Mayor Sharon Pratt Kelly and Mayor-elect Marion Barry are scheduled to meet with Moody's and Standard & Poor's Corp. analysts on Monday. District council chairman David Clarke may also attend the meetings, which initially were planned for this Friday.
Moody's rates the district's uninsured general obligation debt Baa and its insured debt Aaa. Standard & Poor's rates the district's uninsured GO debt A-minus with a negative outlook, and its insured debt AAA. The district has about $3.4 billion in outstanding GO debt.
Standard & Poor's recently issued a credit report sounding warnings similar to Moody's and calling for "strong management action" to control the budget.
The district's political and labor leaders must take "rapid action" to stabilize the financial decline, Moody's said. The district historically has been unable to make deep budget cuts, so even with political and labor support, "balanced operations may not be achievable unless almost immediate action is taken," the rating agency said.
"To close fiscal 1995 with balanced cash operations, the district must cut expenditures by $522 million, or raise revenues," Moody's siad. Any delays will require even deeper cuts, it said.
Moody's faulted the district council for not acting sooner on $140 million in congressionally mandated cuts that Kelly proposed in October. Since then, district officials have projected an additional $291 million budget shortfall for fiscal 1995, which would bring the deficit to $431 million. Fiscal 1995 ends Sept. 30.

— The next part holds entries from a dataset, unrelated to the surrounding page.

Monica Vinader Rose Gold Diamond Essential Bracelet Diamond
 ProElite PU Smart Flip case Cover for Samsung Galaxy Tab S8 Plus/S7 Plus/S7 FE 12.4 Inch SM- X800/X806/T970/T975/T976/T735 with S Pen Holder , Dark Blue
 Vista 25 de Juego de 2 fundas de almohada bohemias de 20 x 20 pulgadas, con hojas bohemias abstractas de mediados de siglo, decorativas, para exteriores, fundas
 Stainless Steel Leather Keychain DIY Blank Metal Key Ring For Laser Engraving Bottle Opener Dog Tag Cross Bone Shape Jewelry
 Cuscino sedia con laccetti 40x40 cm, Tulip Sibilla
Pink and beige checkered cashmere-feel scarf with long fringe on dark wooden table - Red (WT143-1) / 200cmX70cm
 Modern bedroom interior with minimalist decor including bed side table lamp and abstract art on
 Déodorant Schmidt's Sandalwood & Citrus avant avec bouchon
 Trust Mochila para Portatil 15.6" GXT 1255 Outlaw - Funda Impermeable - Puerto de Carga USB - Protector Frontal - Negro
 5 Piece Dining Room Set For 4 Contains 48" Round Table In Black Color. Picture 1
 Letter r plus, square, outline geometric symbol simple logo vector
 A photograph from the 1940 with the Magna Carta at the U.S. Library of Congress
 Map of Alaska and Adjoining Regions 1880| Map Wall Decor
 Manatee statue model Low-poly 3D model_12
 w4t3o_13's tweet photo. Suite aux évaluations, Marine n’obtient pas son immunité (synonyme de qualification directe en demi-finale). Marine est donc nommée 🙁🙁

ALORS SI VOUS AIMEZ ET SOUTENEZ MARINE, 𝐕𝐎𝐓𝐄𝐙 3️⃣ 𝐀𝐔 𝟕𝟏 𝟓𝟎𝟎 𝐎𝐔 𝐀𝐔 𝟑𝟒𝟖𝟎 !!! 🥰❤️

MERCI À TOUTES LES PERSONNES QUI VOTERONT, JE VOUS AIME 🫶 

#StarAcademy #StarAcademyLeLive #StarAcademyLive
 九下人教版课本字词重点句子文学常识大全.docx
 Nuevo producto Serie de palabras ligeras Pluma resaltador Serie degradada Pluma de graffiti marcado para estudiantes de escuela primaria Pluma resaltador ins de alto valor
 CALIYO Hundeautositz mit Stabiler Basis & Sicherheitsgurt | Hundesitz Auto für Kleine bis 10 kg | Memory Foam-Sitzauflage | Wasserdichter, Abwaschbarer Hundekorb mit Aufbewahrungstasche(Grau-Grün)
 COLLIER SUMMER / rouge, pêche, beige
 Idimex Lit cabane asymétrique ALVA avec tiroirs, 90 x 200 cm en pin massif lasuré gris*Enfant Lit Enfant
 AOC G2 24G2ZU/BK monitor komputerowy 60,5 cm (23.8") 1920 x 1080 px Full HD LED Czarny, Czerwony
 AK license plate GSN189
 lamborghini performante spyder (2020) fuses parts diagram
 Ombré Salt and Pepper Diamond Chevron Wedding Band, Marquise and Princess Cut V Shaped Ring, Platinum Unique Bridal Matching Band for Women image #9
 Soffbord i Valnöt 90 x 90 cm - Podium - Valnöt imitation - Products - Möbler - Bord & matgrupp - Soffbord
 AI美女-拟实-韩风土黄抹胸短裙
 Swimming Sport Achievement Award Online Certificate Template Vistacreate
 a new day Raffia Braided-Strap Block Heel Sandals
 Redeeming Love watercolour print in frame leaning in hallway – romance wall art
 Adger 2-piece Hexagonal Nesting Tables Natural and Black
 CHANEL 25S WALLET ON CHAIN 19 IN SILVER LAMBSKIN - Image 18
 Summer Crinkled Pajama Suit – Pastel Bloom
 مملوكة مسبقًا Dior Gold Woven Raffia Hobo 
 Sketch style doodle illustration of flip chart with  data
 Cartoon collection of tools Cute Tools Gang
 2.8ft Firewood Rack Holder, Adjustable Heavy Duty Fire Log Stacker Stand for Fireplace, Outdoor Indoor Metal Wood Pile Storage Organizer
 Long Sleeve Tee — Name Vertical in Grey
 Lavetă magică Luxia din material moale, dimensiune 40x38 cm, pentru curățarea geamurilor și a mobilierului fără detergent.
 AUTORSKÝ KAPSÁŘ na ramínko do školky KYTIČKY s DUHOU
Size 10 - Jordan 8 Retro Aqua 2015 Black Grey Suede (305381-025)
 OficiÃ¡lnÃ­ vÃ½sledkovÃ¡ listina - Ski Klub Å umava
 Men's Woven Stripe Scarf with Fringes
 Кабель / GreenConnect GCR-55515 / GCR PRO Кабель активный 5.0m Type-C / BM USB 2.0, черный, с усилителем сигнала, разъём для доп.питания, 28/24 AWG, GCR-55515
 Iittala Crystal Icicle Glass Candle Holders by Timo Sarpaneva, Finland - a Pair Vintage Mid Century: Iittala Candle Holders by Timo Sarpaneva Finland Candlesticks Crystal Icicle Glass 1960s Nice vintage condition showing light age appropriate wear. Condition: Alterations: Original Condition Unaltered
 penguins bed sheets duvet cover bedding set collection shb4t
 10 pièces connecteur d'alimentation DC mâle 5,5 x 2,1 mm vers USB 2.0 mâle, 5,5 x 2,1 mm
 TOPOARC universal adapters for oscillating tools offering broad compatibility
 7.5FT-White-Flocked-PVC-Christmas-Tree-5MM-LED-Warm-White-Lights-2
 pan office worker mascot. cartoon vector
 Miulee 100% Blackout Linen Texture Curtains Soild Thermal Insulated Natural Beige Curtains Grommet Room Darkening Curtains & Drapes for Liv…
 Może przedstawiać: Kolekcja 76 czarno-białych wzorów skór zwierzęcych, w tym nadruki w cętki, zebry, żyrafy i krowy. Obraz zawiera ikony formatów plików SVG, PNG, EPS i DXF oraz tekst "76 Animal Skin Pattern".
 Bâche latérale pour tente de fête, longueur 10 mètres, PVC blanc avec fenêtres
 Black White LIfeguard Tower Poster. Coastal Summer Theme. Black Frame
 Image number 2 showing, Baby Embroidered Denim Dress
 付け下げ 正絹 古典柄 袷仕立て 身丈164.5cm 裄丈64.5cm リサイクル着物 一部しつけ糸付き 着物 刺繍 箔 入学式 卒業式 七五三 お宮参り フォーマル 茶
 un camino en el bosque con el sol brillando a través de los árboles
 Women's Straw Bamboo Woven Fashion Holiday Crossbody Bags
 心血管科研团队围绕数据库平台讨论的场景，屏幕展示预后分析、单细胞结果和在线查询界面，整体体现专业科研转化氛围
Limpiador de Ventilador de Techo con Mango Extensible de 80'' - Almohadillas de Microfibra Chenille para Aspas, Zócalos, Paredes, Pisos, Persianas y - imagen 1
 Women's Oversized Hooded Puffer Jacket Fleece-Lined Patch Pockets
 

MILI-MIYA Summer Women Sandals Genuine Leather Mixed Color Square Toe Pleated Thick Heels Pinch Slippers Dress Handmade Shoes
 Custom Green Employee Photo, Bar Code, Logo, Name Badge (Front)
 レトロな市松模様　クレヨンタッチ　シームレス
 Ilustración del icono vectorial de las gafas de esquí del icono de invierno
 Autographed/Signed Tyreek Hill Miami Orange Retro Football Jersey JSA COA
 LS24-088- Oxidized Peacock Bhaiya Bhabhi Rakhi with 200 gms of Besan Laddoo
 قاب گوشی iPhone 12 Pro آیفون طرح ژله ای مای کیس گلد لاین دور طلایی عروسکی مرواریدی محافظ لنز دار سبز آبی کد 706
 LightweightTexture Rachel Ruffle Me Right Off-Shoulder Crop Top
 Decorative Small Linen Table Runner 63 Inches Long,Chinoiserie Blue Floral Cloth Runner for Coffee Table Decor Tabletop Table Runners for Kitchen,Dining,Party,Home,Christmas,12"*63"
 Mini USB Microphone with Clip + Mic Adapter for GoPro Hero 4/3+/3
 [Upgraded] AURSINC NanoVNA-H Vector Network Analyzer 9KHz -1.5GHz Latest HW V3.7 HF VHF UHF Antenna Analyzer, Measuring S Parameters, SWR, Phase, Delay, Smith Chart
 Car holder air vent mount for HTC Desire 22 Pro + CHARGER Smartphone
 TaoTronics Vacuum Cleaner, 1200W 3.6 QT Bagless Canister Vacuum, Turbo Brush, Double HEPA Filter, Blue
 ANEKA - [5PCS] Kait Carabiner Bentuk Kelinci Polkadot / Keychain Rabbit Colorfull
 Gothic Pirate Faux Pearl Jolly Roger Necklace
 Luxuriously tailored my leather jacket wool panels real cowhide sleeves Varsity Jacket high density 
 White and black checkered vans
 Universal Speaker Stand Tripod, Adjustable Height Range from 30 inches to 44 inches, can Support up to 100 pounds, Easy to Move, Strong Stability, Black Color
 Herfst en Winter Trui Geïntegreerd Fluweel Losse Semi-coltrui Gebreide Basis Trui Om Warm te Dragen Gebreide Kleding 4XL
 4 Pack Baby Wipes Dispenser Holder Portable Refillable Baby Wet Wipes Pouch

Barry has yet to recommend specific cuts, but Kelly officials have said he agrees with their budget assessment.
To be effective, any budget balancing program must have a detailed strategy that specifies time frames and deadlines and provides for extensive reporting and monitoring, Moody's said.
The district cannot issue deficit funding bonds without compromising its capital program because of the district's debt limits, Moody's said. "Even if Congress relaxes the debt limits, the district's debt burden is already very high, especially if its sizable pension obligation is also considered," it said.
Debt service cannot exceed roughly 14% of revenues.